Y me imagino a varias niñas de ese barrio por el que paseo en compañía de buenos y antiguos amigos, jugando una, esperando respetuosamente su turno las demás, y todas prófugas de los comecocos de la televisión, las 'influencers', los móviles y los videojuegos, esa manera de alienación con que la modernidad perturba y embrutece a las criaturas, llevándolas a la soledad obsesiva de las pantallas, criaturas que carecen de defensas para desprenderse del ojo vigilante y deslumbrador de televisiones y móviles; criaturas, en fin, a las que se intenta apartar del viejo y gratificante rito del juego, de bajarse la merienda a la acera o al parque para seguir hablando con los amigos y descubriendo, una vez más, el mundo...
Recuerdo asimismo esta palabra en un delicioso poema que reproduce mi memoria un tanto esquiva, en el que el autor añora la niñez huida: «Pasan los niños / camino de la escuela / con un aire que tiene / algo de circunspecto, / y siento ganas / de traicionar mi aspecto / correcto / y proponerles jugar a la rayuela».
Olvidados los juegos de infancia, la palabra 'rayuela', en lo que a mí respecta, se encarnó años más tarde en la aparición de un libro con igual título, del escritor Julio Cortázar. Una novela singular que podía leerse a saltos, con una estructura revolucionaria, libro que llevábamos, bien visible, en la mano –a veces sustituido por 'El final de la utopía' o 'Eros y civilización', de Marcuse– en el bar de Letras de la calle Santo Cristo, para 'ligar' con las estudiantes de Derecho, Ciencias y Filosofía, facultades que se hallaban en el mismo recinto universitario. Eran tiempos en que los libros eran un salvoconducto para acceder al alma de los otros y como evasión de un tiempo plagado de prohibiciones y censuras.
Hoy los libros no 'molan', a pesar del gozo emotivo y la elevación intelectual que produce su lectura. Han sido sustituidos por los 'smartphones', que ocupan nuestra atención, nuestro mimo y nuestro cuidado, de manera que su pérdida o su silencio –igual que hay apagones de luz, también los hay de conexión a las redes digitales–, nos sumen en el extravío, la impotencia y quizá la desesperación, porque parte de nuestra vida la hemos depositado en el mágico rectángulo de sus pantallas.
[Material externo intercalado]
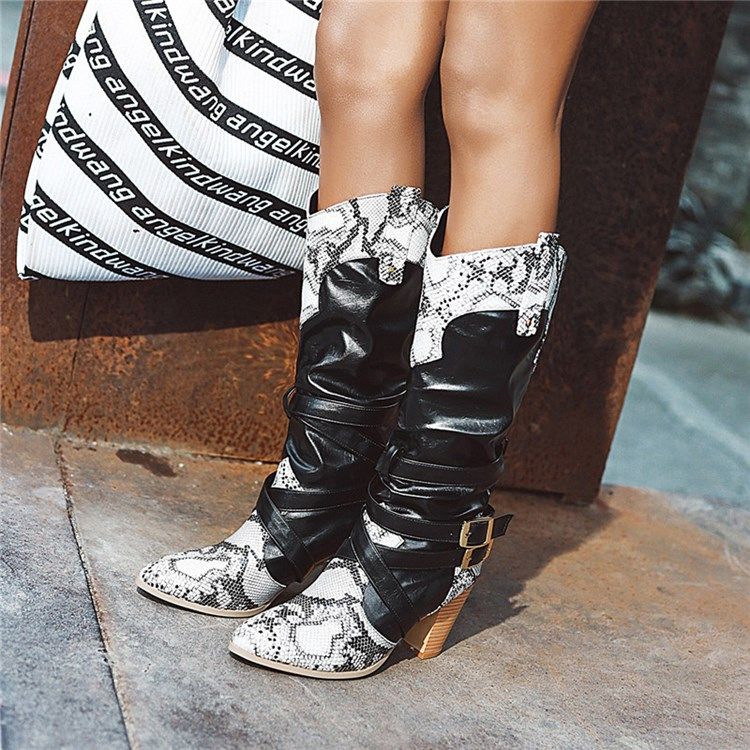 Chunky Heel Rund Toe Knähöga Stövlar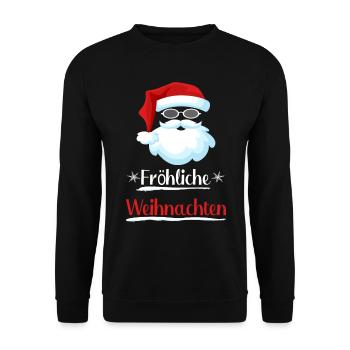 Witziger Santa - Unisex Pullover - Schwarz - Vorne - Alina (178cm) & Michal (187cm)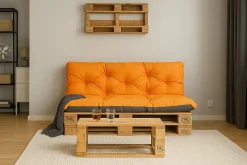 Coussins palettes 120x60 / 120x60cm coussins de palette Orange, coussins de canapé de jardin, coussin palette exterieur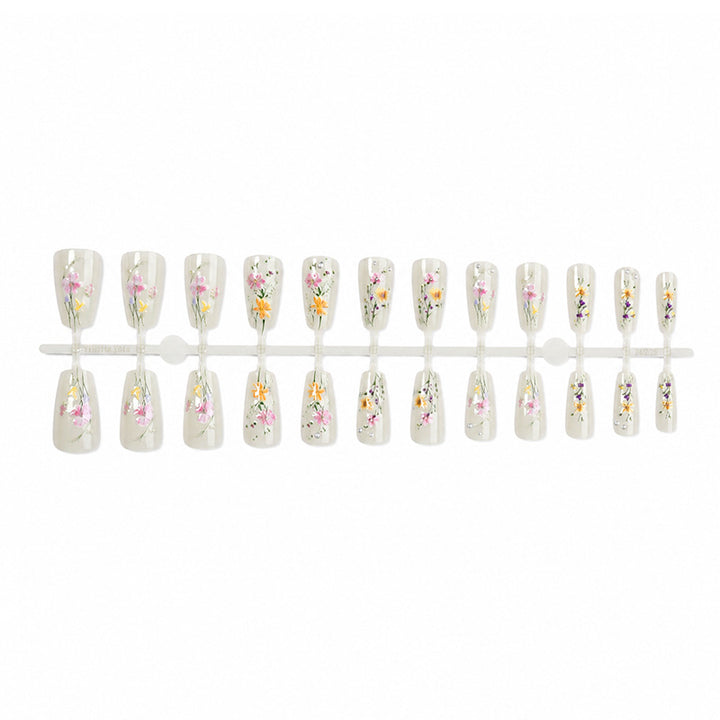 Artistic Floral Press-On Nails Set kalsten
Desconozco si esta rayuela infantil dibujada en el suelo es la muestra única y extraña de un juego que va camino de su desaparición o si se trata de una costumbre aún vigente entre las niñas de hoy. Yo desearía que se siguiera jugando a la rayuela, lo que significaría que hay chiquillas que continúan correteando alegres por calles y plazas, que se han liberado por unos momentos del encierro al que los modos de vida modernos y sus peligros las han condenado.